Data extract ::
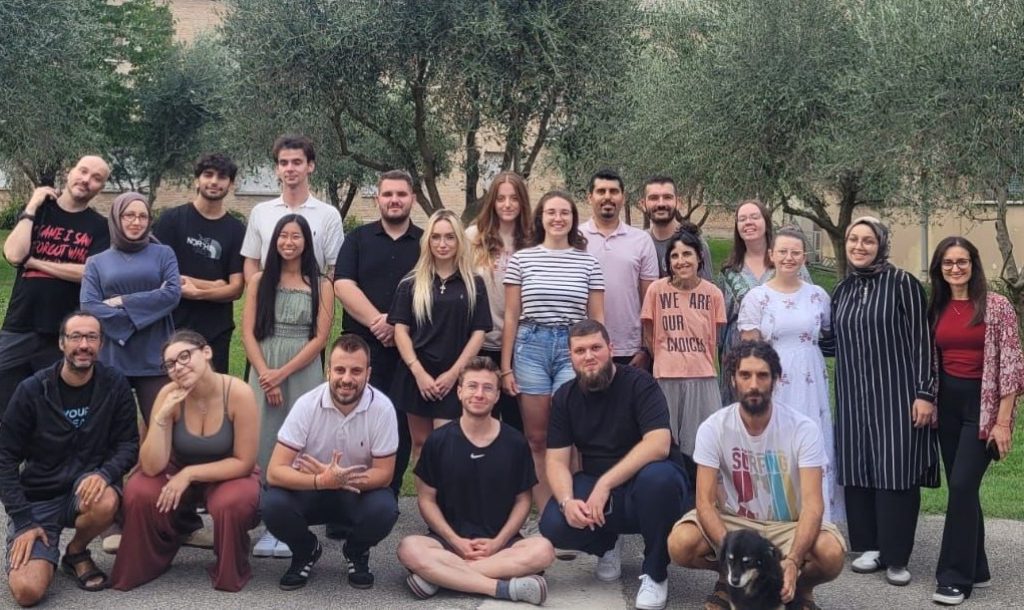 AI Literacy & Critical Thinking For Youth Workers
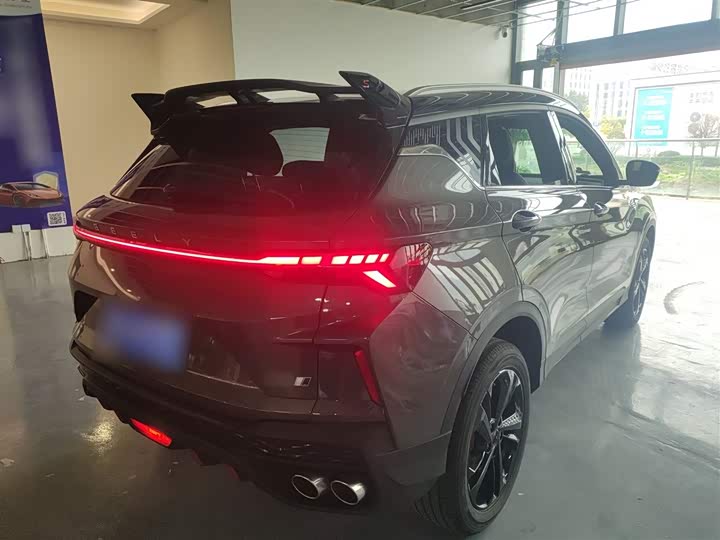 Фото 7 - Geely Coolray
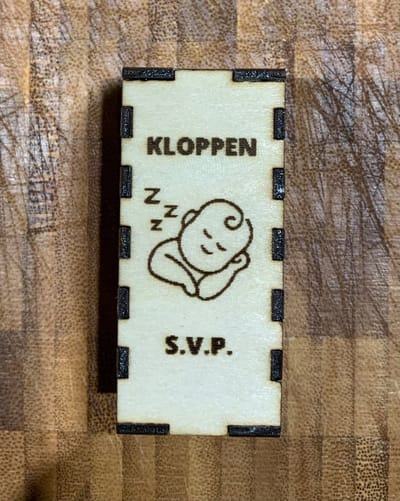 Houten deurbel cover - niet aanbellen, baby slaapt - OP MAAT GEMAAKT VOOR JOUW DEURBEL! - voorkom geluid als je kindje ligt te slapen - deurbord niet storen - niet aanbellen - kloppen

==

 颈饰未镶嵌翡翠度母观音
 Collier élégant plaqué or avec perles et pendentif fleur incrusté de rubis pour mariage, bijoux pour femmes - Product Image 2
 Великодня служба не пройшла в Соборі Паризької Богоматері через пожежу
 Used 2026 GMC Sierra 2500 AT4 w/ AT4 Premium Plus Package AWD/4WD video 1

What is needed ::
Give back exactly the lines of the listing above from the one that contains "AI Literacy &" up to and including the one that contains "Houten deurbel cover", but not the pictures, and no other lines.

Task output ::
 AI Literacy & Critical Thinking For Youth Workers
 Фото 7 - Geely Coolray
 Houten deurbel cover - niet aanbellen, baby slaapt - OP MAAT GEMAAKT VOOR JOUW DEURBEL! - voorkom geluid als je kindje ligt te slapen - deurbord niet storen - niet aanbellen - kloppen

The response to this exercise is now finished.